Oceń
Do gabinetu tatuażu zgłosiła się mama dwulatka, która poprosiła o “wytatuowanie dziecka”. Tatuażystka na początku pomyślała, że klientka chce po prostu zrobić sobie tatuaż związany z dzieckiem (np. datę urodzin czy portret dziecka), jednak była w błędzie. Gdy zapytała o szczegóły okazało się, że kobieta ma na myśli wykonanie tatuażu na skórze malucha!
– Ja bym przyszła z synkiem i zrobiłabyś mu tatuaż. Tylko nie wiem, jak zareaguje na ból, bo ma dopiero dwa latka – napisała.
Gdy tatuażystka zdecydowanie odmówiła, matka zaczęła ją uporczywie przekonywać. Chodziło o wytatuowanie dziecku grupy krwi - “na wszelki wypadek”. Zdaniem klientki, takie rozwiązanie mogłoby uratować malucha w chwili zagrożenia. Mama dwulatka była na tyle przekonana do swojego pomysłu, że użyła nawet szantażu i zakończyła rozmowę mówiąc, że jeśli nie wykona tatuażu w tym miejscu, znajdzie inny salon.

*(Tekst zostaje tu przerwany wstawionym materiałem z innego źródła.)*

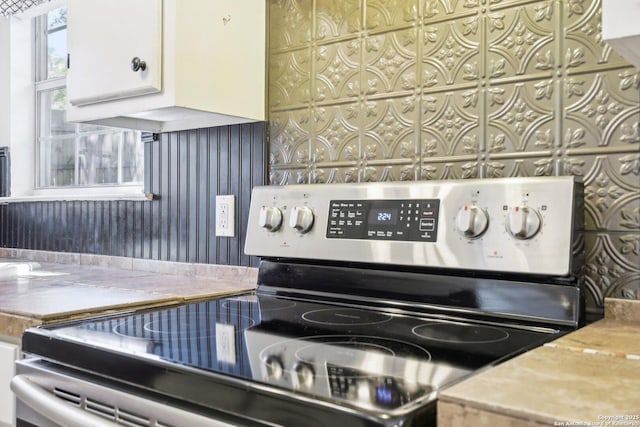 interior details featuring stainless steel electric range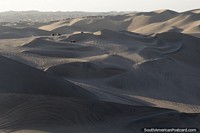 Vast sand dunes dwarf the dune buggies that cruise around them in Huacachina. Peru, South America.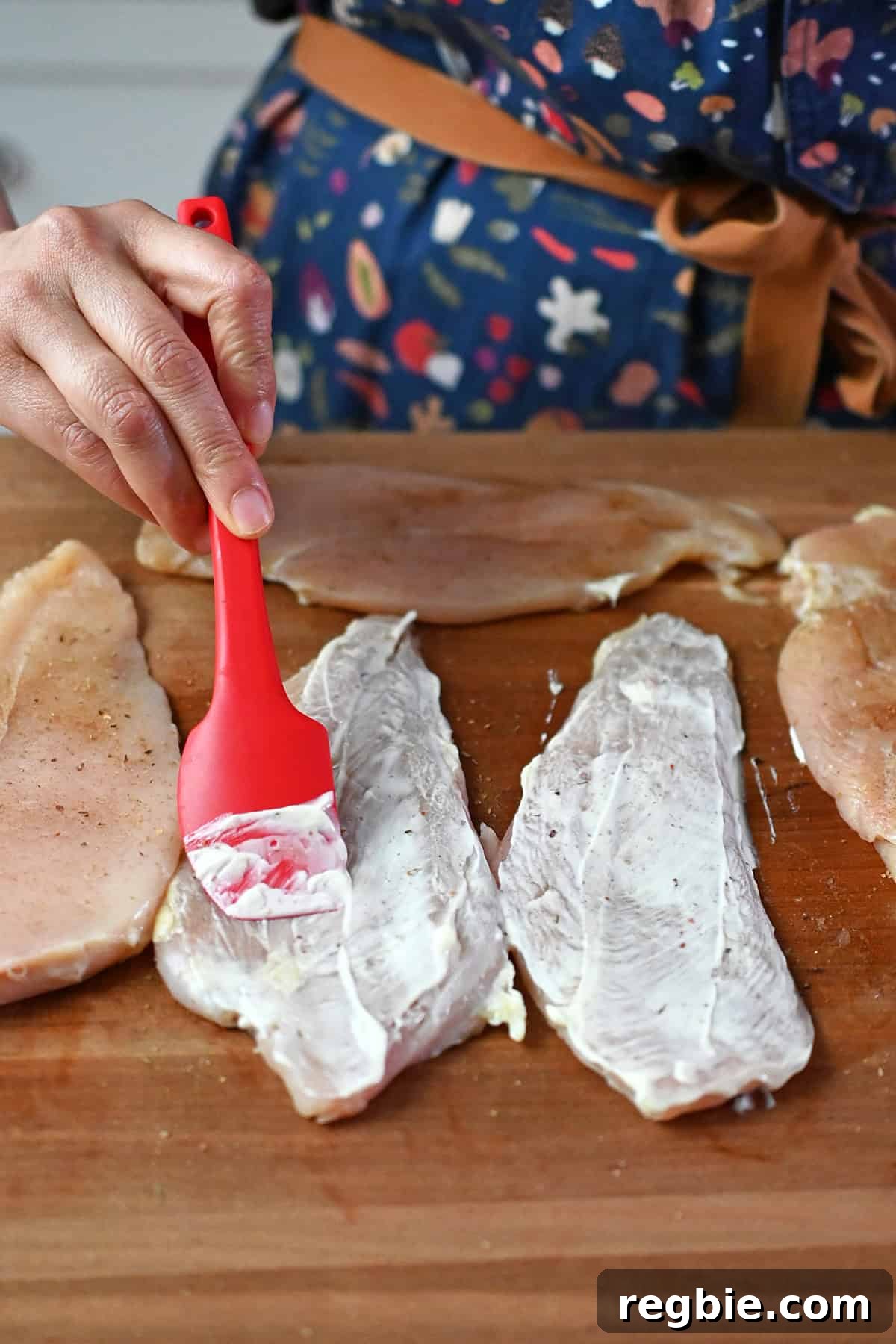 How I Cook Juicy, Tender Chicken Breasts Every Time 8 Brushing on a thin layer of mayonnaise on thinly cut raw boneless skinless chicken breasts with a small red spatula.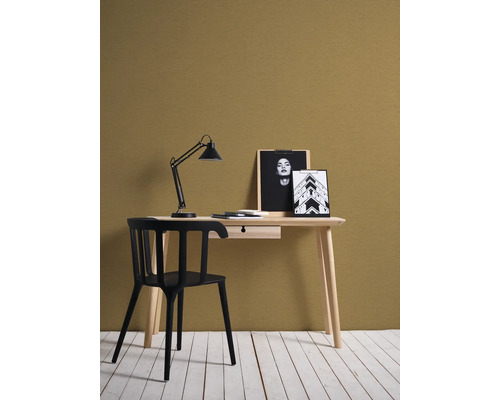 Bureau met bureaulamp, stoel en decoratieve items in een lichte ruimte.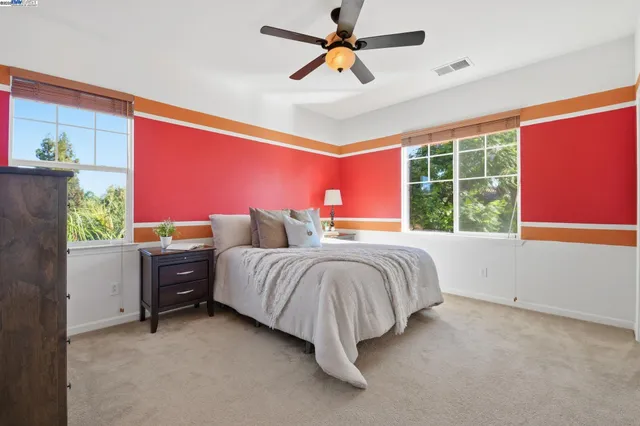 a kitchen with cabinets and window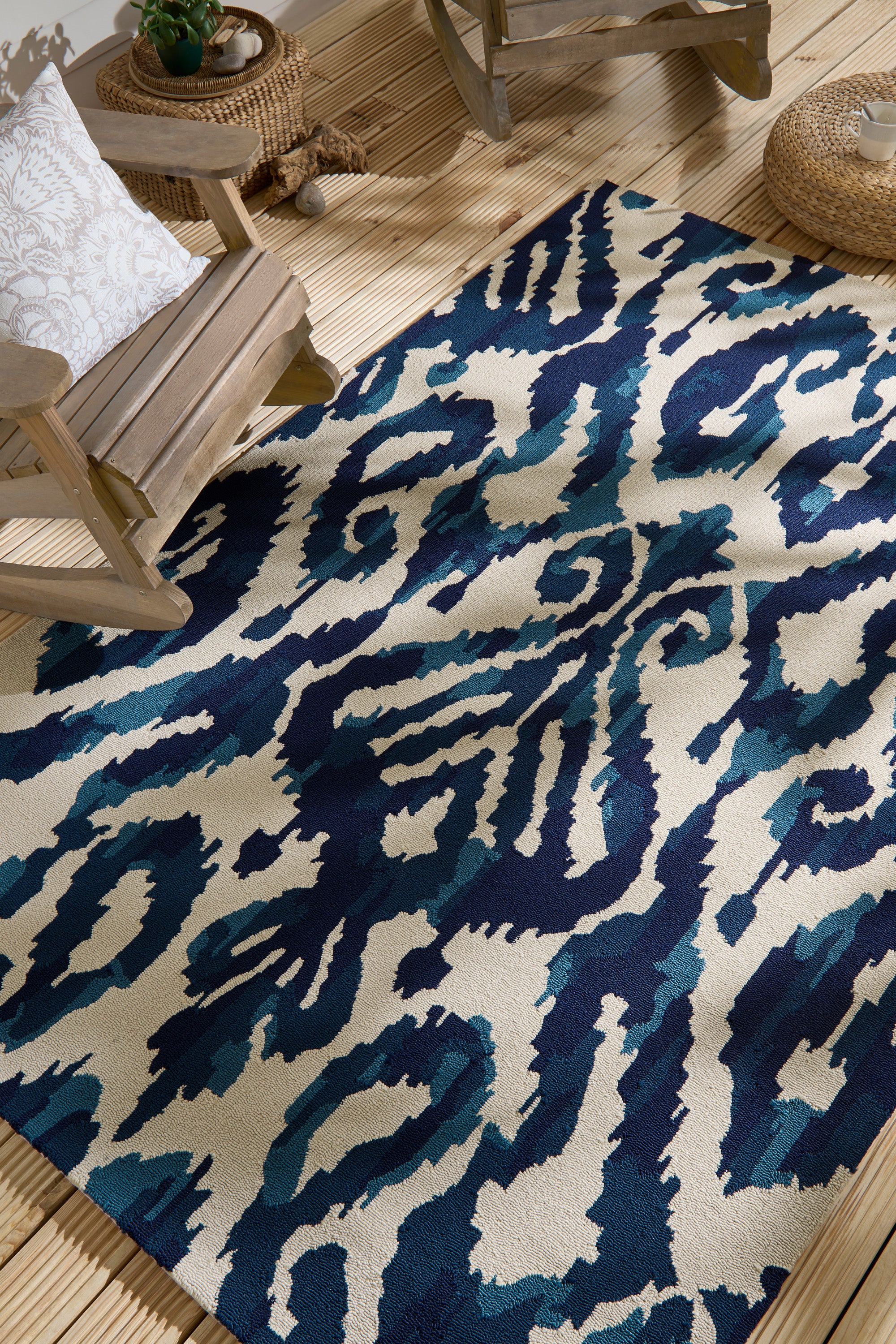 blue indoor/outdoor rug with abstract pattern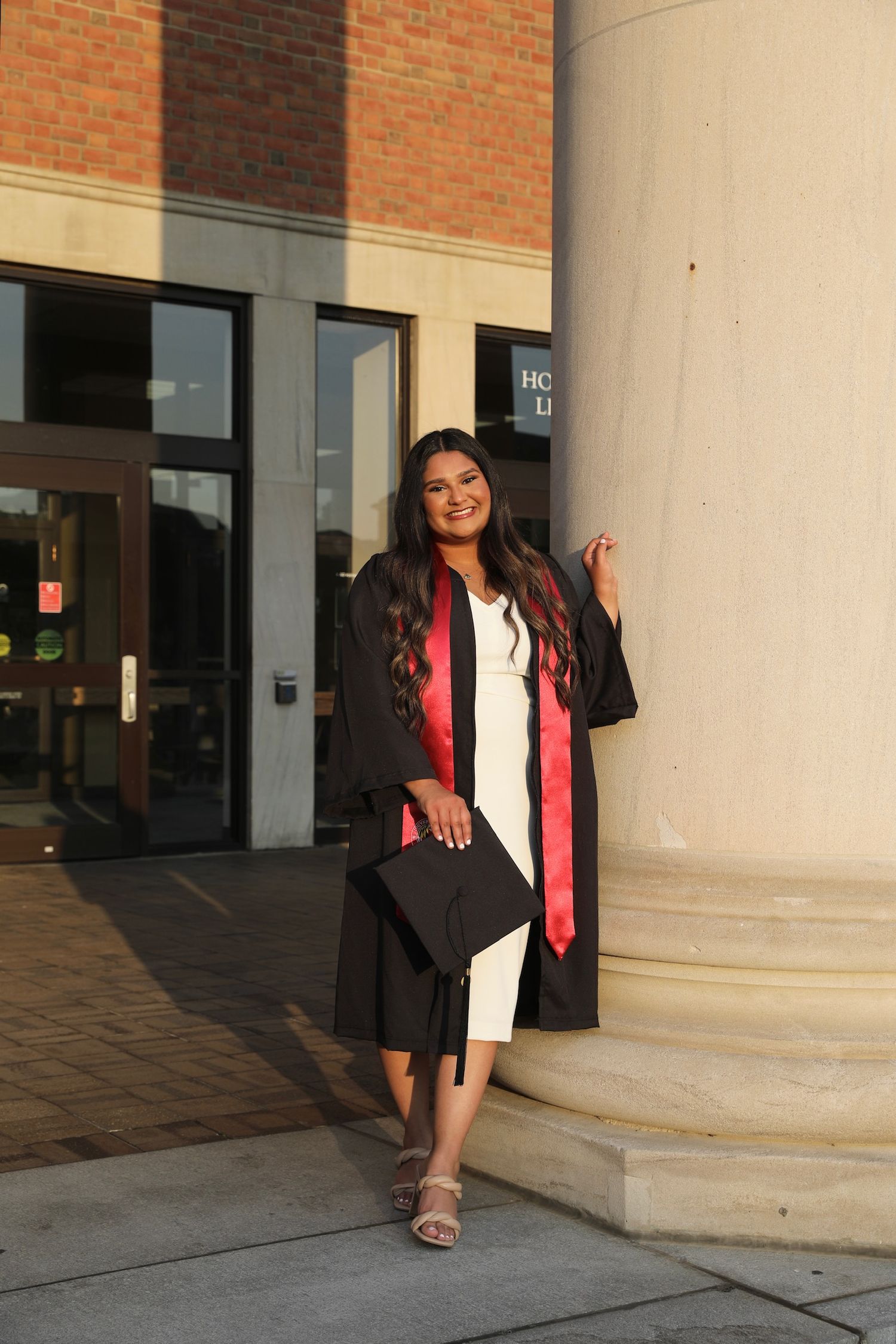 A graduate in black cap and gown with pink stole poses next to a white column in a series of photos.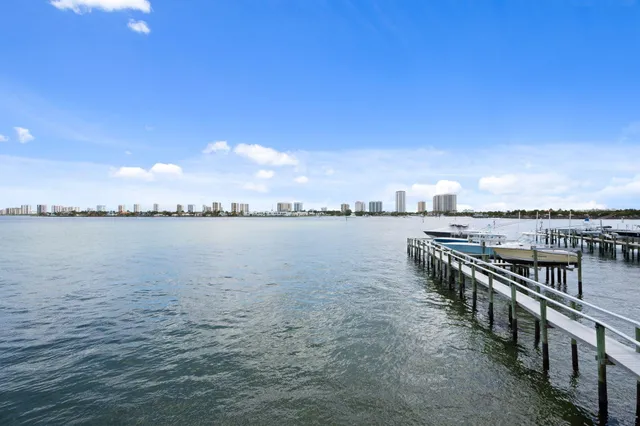 a view of house with large windows and a small yard
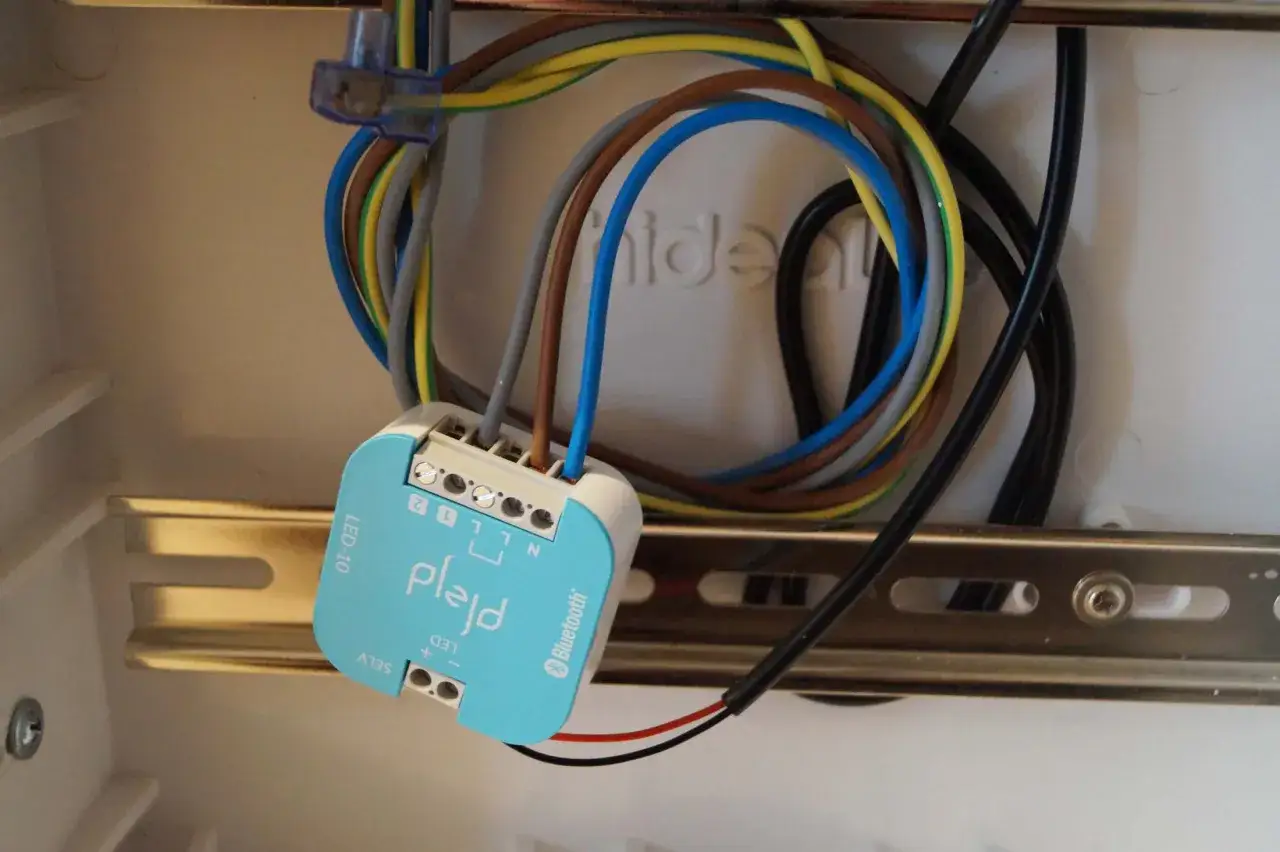 En blå Plejd-modul med Bluetooth är ansluten till flera färgglada kablar i en elcentral.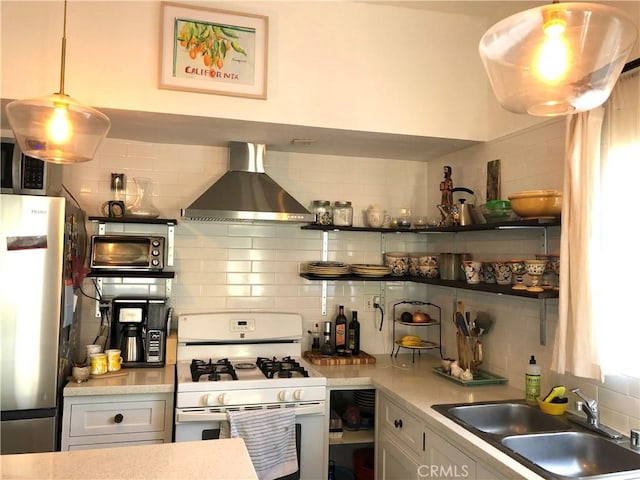 kitchen with white gas range, sink, wall chimney exhaust hood, tasteful backsplash, and stainless steel fridge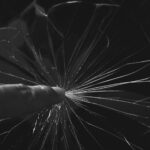 Black and white close-up of a finger touching a cracked glass screen, creating a dramatic effect.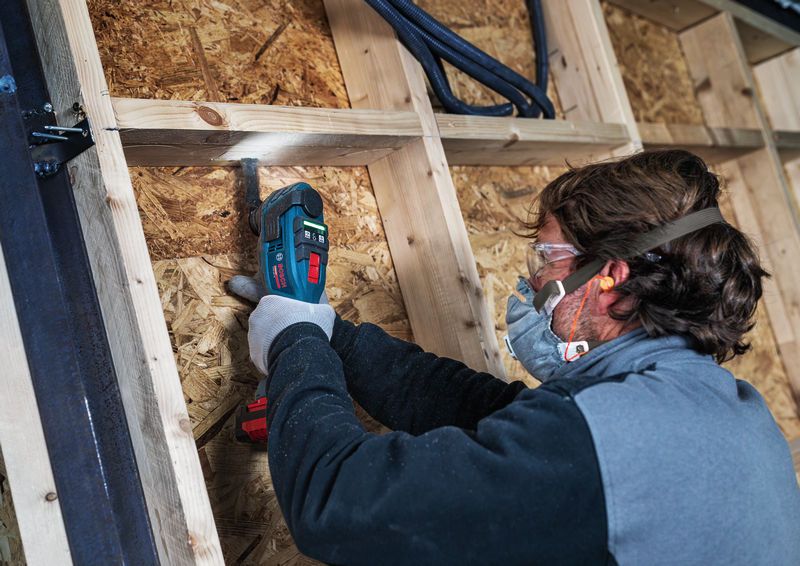 Une personne portant un équipement de sécurité utilise un coupe-bordures sans fil pour travailler sur une charpente en bois.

Wyjaśniamy: lekarze nie sugerują się informacjami o pacjencie, które widzą np. na biżuterii czy tatuażach w trakcie badania. W sytuacji zagrożenia zdrowia czy życia takie rzeczy nie mają żadnego znaczenia. To jedynie “ozdoba” i gadżet, który w żaden sposób nie przyspiesza procedur medycznych.